* **How to complete this task**: Print the records below exactly, from the line containing "Mercedes-Benz E-Class Car Rental Jaipur" down to the line containing "Modern Makeup & Display Shelf Organizer", both lines included, and omit every picture.

* **Records for this exercise**:
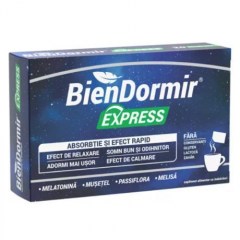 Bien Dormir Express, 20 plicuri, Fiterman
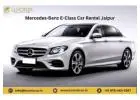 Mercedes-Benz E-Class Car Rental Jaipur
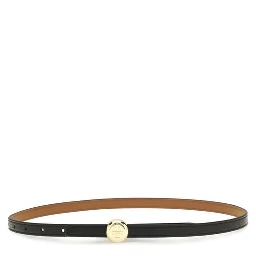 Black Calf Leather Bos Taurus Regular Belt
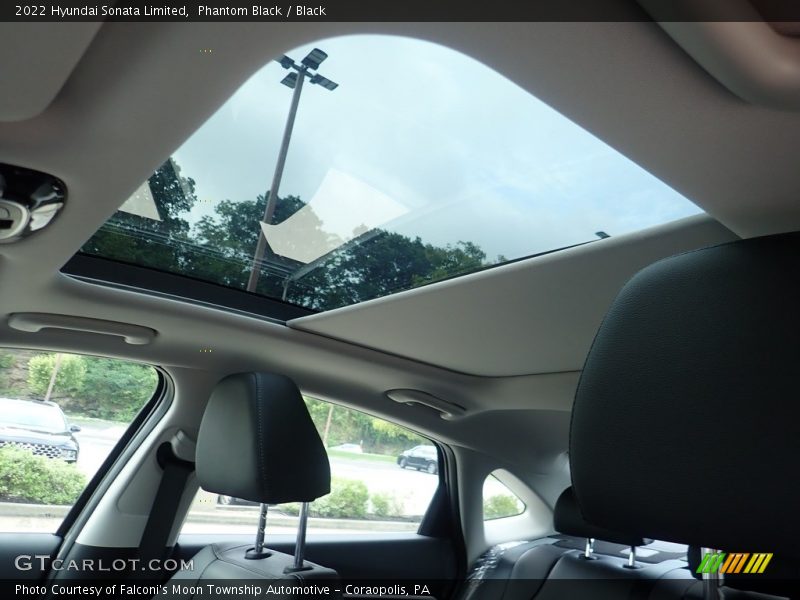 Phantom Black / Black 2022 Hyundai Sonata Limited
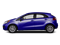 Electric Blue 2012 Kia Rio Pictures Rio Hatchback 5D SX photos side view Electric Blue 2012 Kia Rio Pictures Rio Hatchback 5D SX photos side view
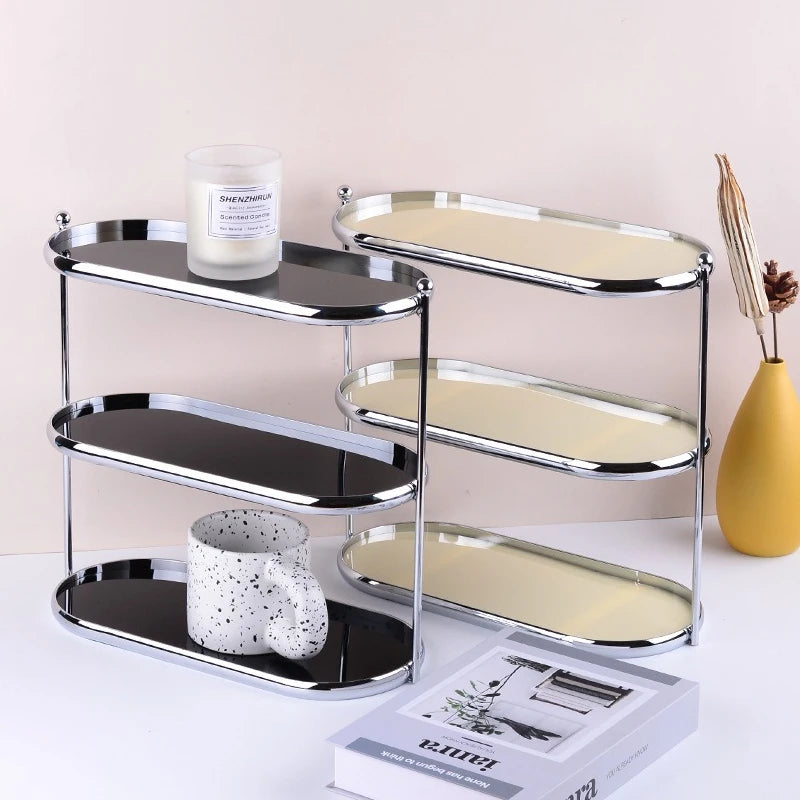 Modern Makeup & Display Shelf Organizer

...

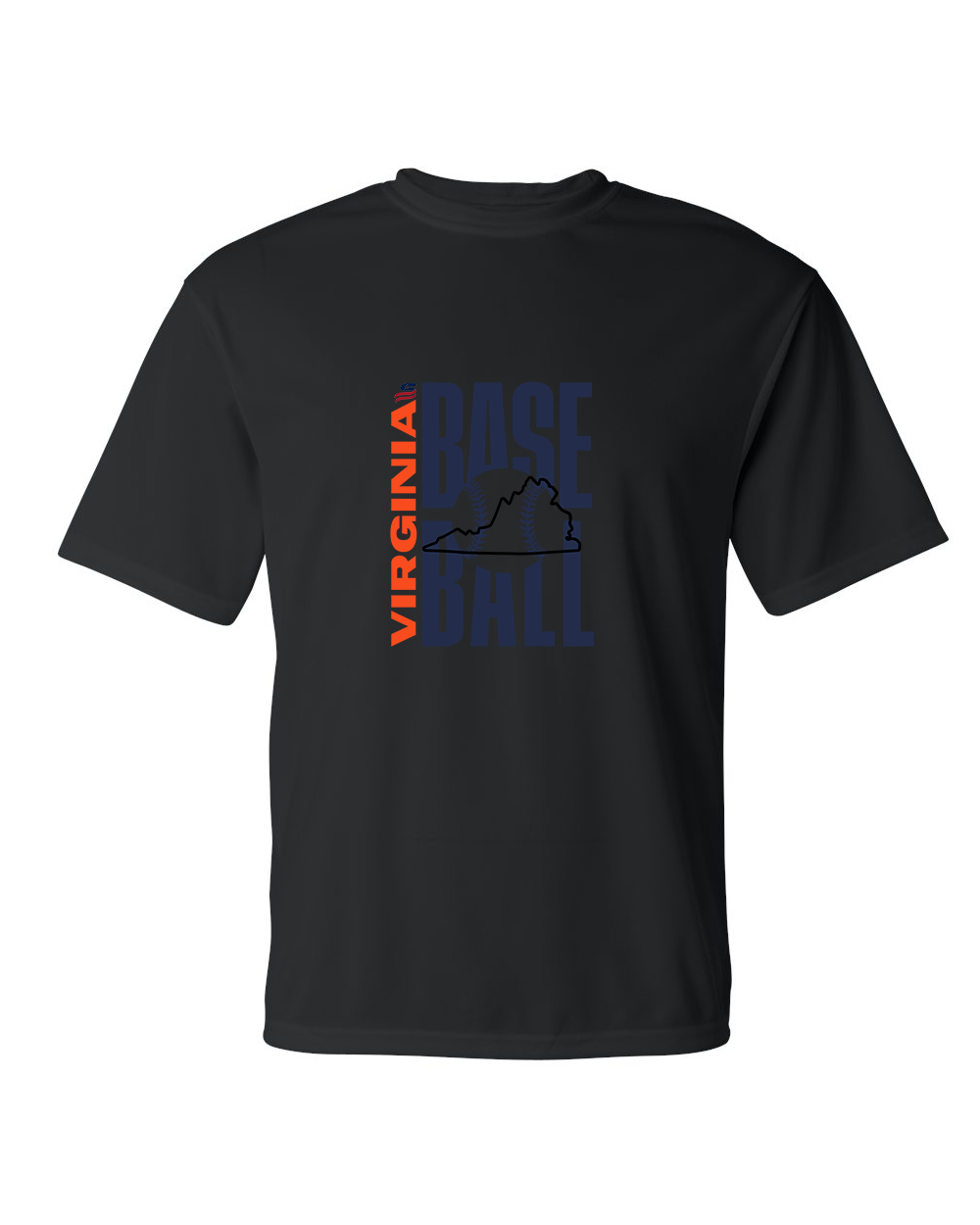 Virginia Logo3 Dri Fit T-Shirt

* **Result of the exercise**:
 Mercedes-Benz E-Class Car Rental Jaipur
 Black Calf Leather Bos Taurus Regular Belt
 Phantom Black / Black 2022 Hyundai Sonata Limited
 Electric Blue 2012 Kia Rio Pictures Rio Hatchback 5D SX photos side view Electric Blue 2012 Kia Rio Pictures Rio Hatchback 5D SX photos side view
 Modern Makeup & Display Shelf Organizer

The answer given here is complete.